FM-U1. Verified Environment Modeling & Execution

This research axis focuses on precisely formalizing the environment in which intelligent systems interact, and ensuring that systems operate only within verified environments. It clearly defines temporal and logical constraints of the environment, and guarantees safety up to the execution stage.

FM-U1.1. Timed Automata-based Environment & Mission Modeling

We model temporal, sequential, and constraint conditions of real-world environments using Timed Automata (TA) to define safety envelopes that systems must never violate. TA models are automatically verified for safety, liveness, deadlines, etc., using model checkers such as UPPAAL.

FM-U1.2. TADA-based Semantic Normalization + Automatic Code Generation

We normalize the ambiguous temporal semantics of TA using TADA (Timed Automata with Disjoint Actions) so that model semantics and execution semantics correspond 1:1. TADA clearly separates time-transitions and action-transitions, and expresses all boundary conditions (invariant violations, x==n, etc.) as states to enhance execution safety.

Normalized TADA models are automatically converted to Go code, and a Runtime Safety Monitor is generated that detects and blocks safety violations in real-time during execution (shielding).

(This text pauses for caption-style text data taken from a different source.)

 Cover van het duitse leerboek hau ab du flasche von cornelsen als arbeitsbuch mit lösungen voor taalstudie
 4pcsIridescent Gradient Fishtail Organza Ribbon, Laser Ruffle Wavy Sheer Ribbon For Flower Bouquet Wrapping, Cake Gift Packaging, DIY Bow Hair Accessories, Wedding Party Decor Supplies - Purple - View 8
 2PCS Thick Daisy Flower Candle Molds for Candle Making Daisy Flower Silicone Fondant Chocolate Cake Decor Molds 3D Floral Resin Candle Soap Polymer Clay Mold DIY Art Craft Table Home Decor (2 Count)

FM-U1.3. Verified Simulation Environment

Based on TA/TADA-verified environments, we construct an execution environment that forces Vision, LLM, RL, and Control modules to always behave only under safety constraints. Dangerous behaviors are immediately blocked, structurally preventing AI from forming incorrect policies during learning and inference.


FM-U2. Verified World Models, Embodied AI, and Safe Reinforcement Learning

This research axis integrates model-checking-based safety to ensure that Embodied AI, World Models, and Reinforcement Learning do not generate incorrect worlds or learn dangerous policies.

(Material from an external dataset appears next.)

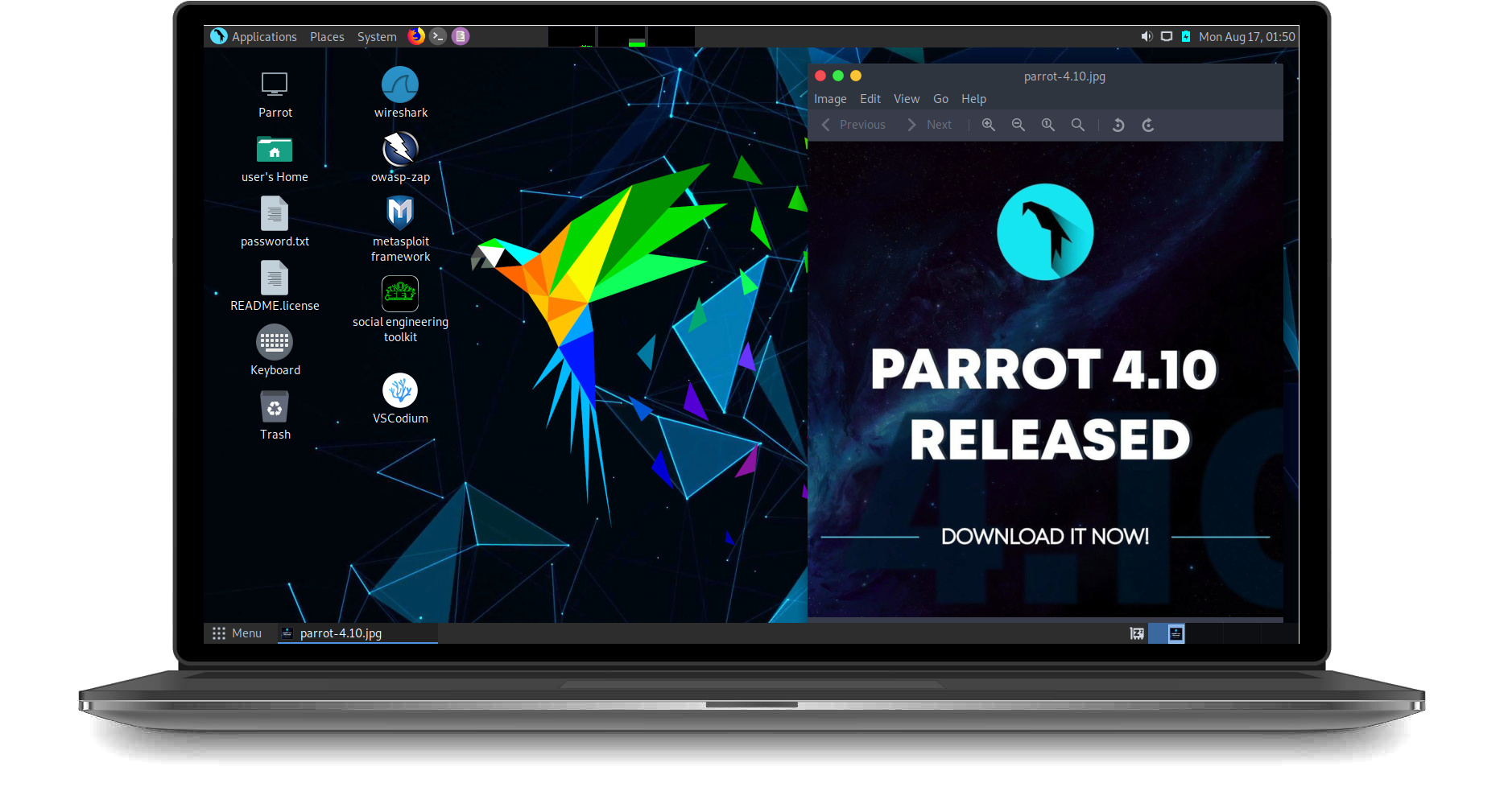 Parrot Security OS 5.0.1 Notebo12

FM-U2.1. Verified World Models

We verify that states and transitions generated by World Models do not violate physical or logical constraints. This ensures that incorrect dynamics or unrealistic scenarios do not contaminate AI's policy learning.

FM-U2.2. Safe RL via Verified Environment + Formal Shields

Dangerous behaviors that occur during RL's exploration and policy-learning processes are immediately blocked through Verified Environment and Formal Safety Shields. This provides a Safe Learning Framework that enables RL to learn only within safety constraints.

FM-U2.3. Counterfactual Simulation under Formal Constraints

We impose formal constraints on counterfactual scenarios generated by World Models and Embodied AI to ensure that only realistic and safe simulations are generated. This prevents AI from learning incorrect assumptions or dangerous scenarios.


Executive Summary

FM-U1 is a technology that formally models, verifies, and connects environments to execution, ensuring that systems operate only within safe environments regardless of which AI algorithm is used.

FM-U2 integrates model checking from the learning and simulation stages to ensure that Embodied AI, World Models, and RL do not generate dangerous states or policies, realizing Verified Learning.

The combination of these two technologies forms a Verified Intelligent System where the entire loop of Perception → Reasoning/Planning → Control → Execution → Learning is equipped with safety guarantees.